Work in progress.
The goal of this GROBID module is to recognize in textual documents and PDF any mentions of softwares.
As the other GROBID models, the module relies only on machine learning and uses linear CRF.
Building module requires maven and JDK 1.8.
First install and build the latest development version of GROBID as explained by the documentation.
Copy the module software-mentions as sibling sub-project to grobid-core, grobid-trainer, etc.:
cp -r software-mentions grobid/
Copy the provided pre-trained model in the standard grobid-home path:
cd grobid/software-mentions/
mkdir ../grobid-home/models/software
cp resources/model/model.wapiti ../grobid-home/models/software/
Try compiling everything with:
mvn -Dmaven.test.skip=true clean install
Run some test:
mvn compile test
mvn -Dmaven.test.skip=true jetty:run-war
Javascript demo/console web app is then accessible at http://localhost:8060
. From the console and the RESTfull services
tab, you can process chunk of text (select ProcessText
) or process a complete PDF document (select Annotate PDF document
).
Using curl
POST/GET requests with some text:
curl -X POST -d "text=The next step is to install GROBID version 0.5.1." localhost:8060/processSoftwareText
which should return this:
{
"entities": [{
"software-name": {
"rawForm": "GROBID",
"offsetStart": 28,
"offsetEnd": 34
},
"type": "software",
"version-number": {
"rawForm": "version 0.5.1",
"offsetStart": 35,
"offsetEnd": 48
}
}],
"runtime": 2
}
curl -GET --data-urlencode "text=The final step is to update GROBID version 0.5.2-SNAPSHOT." localhost:8060/processSoftwareText
Using curl
POST/PUT requests with a PDF file:
curl --form input=@./thefile.pdf localhost:8060/annotateSoftwarePDF
Runtimes are expressed in milliseconds.
For training the software model with all the available training data:
> cd PATH-TO-GROBID/grobid/software-mentions/
> mvn generate-resources -Ptrain_software
The training data must be under software-mentions/resources/dataset/software/corpus
For evaluating under the labeled data under grobid-astro/resources/dataset/software/evaluation
, use the command:
> mvn compile exec:exec -Peval_software
The following commands will split automatically and randomly the available annotated data (under resources/dataset/software/corpus/
) into a training set and an evaluation set, train a model based on the first set and launch an evaluation based on the second set.
> mvn compile exec:exec -Peval_software_split
In this mode, by default, 90% of the available data is used for training and the remaining for evaluation. This ratio can be changed by editing the corresponding exec profile in the pom.xml
file.
The source of training data is the softcite dataset developed by James Howison Lab at the University of Texas at Austin. The data need to be compiled with actual PDF content prelimiary to training in order to create XML annotated document (MUC conference style).
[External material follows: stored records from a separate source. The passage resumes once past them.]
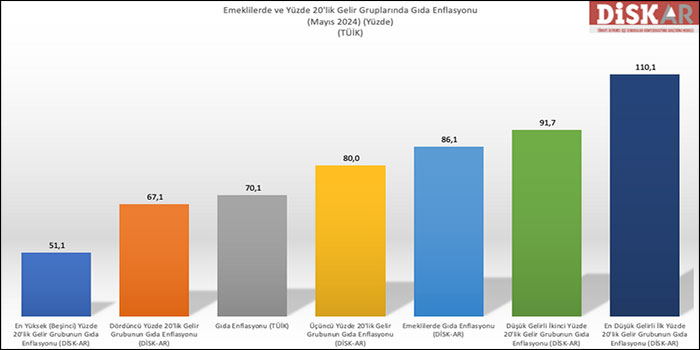 DİSK-AR: Resmi enflasyon yüzde 75’i aştı!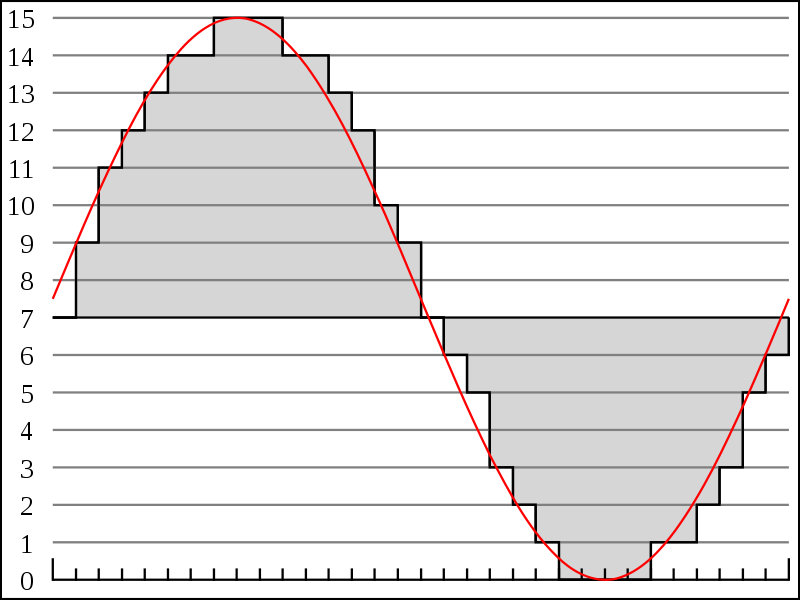 pcm, pulse, code,modulation, ,, 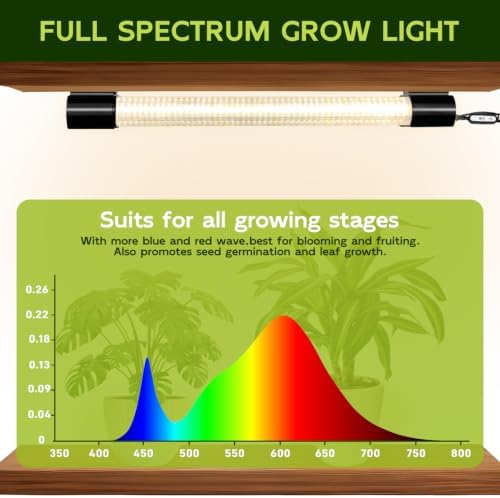 Hlite LED Grow Light 16 inch, Hanging Full Spectrum Linkable 2 Pack - Image 3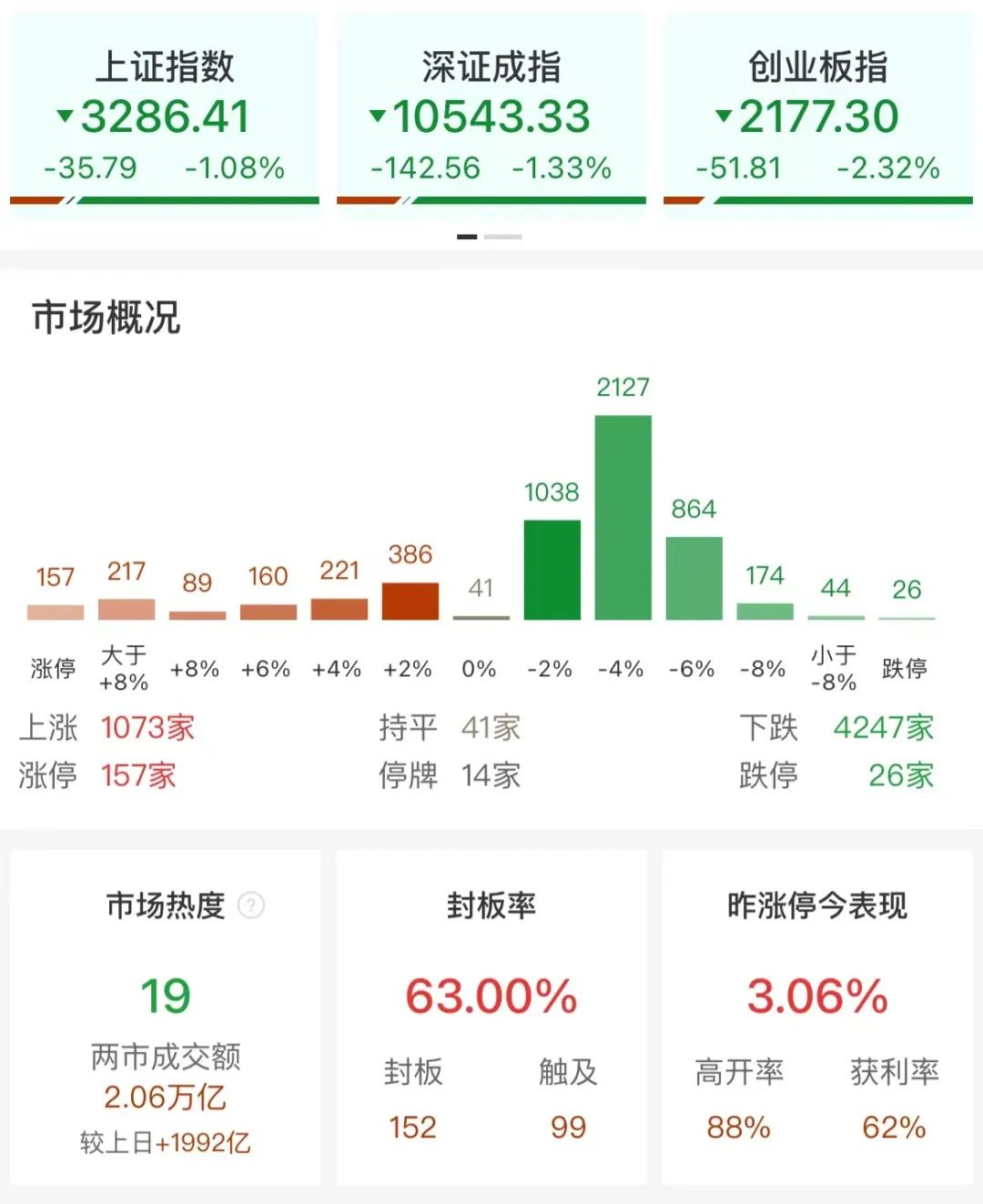 A股收盘：创业板指高开低走跌2.32%，多只高位股尾盘跳水_澎湃号·媒体_澎湃新闻-The Paper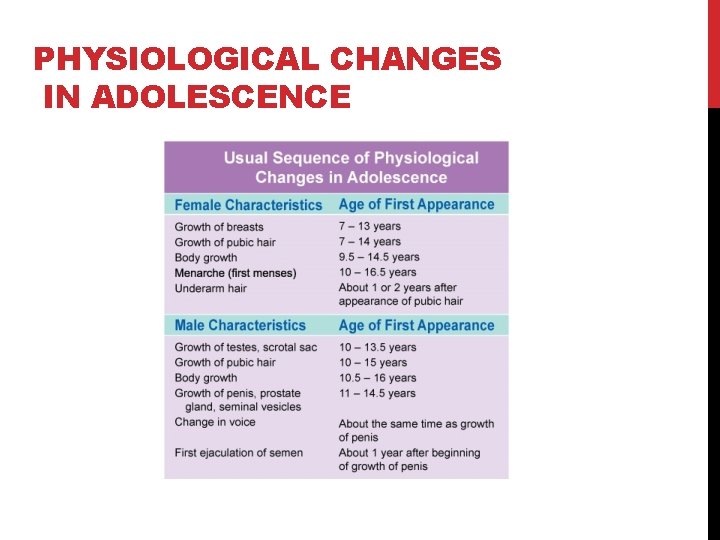 PHYSIOLOGICAL CHANGES IN ADOLESCENCE 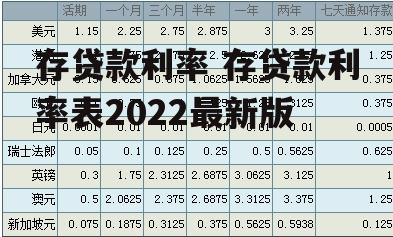 存贷款利率 存贷款利率表2022最新版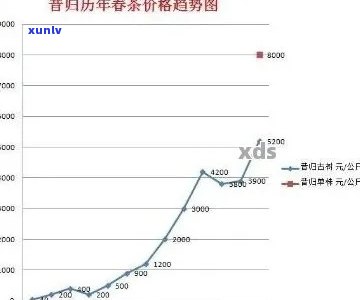 探究千家寨普洱熟茶的价格形成机制与市场趋势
This is done with the following command which takes 3 arguments:
> mvn exec:java -Dexec.mainClass=org.grobid.trainer.AnnotatedCorpusGeneratorCSV -Dexec.args="path/to/the/pdf/repo/ /path/to/csv/softcite-dataset/data/csv_dataset/ resources/dataset/software/corpus/"
The path to the PDF repo is the path where the PDF corresponding to the annotated document will be downloaded (done only the first time). For instance:
> mvn exec:java -Dexec.mainClass=org.grobid.trainer.AnnotatedCorpusGeneratorCSV -Dexec.args="/home/lopez/tools/softcite-dataset/pdf/ /home/lopez/tools/softcite-dataset/data/csv_dataset/ resources/dataset/software/corpus/"
The compiled XML training files will be written in the standard GROBID training path for the softwate recognition model under grobid/software-mentions/resources/dataset/software/corpus/
.
The import process includes the computation of standard Inter-Annotator Agreement (IIA) measures for the documents being annotated by at least two annotators. For the moment, the reported IIA is a percentage agreement measure, with standard error and confidence interval.
See this nice tutorial about IIA. We might need more sophisticated IIA measures than just pourcentage agreement for more robustness. We plan, in addition to pourcentage agreement, to also cover various IIA metrics from π, κ, and α families using the dkpro-statistics-agreement library:
Christian M. Meyer, Margot Mieskes, Christian Stab, and Iryna Gurevych: DKPro Agreement: An Open-Source Java Library for Measuring Inter-Rater Agreement, in: Proceedings of the 25th International Conference on Computational Linguistics (COLING), pp. 105–109, August 2014. Dublin, Ireland.
For explanations on these IIA measures, see:
Artstein, R., & Poesio, M. (2008). Inter-coder agreement for computational linguistics. Computational Linguistics, 34(4), 555-596.
A Python 3.* script is available under script/
to analyse XML training data and spot possible unconsistencies to review. To launch the script:
> python3 script/consistency.py _absolute_path_to_training_directory_
For instance:
> python3 script/consistency.py /home/lopez/grobid/software-mentions/resources/dataset/software/corpus/
See the description of the output directly in the header of the script/consistency.py
file.
For generating training data in XML/TEI, based on the current model, from a list of text or PDF files in a input repository, use the following command:
> java -Xmx4G -jar target/software-mentions/-0.5.1-SNAPSHOT.one-jar.jar -gH ../grobid-home -dIn ~/test_software/ -dOut ~/test_software/out/ -exe createTraining
GROBID and the grobid software-mentions module are distributed under Apache 2.0 license.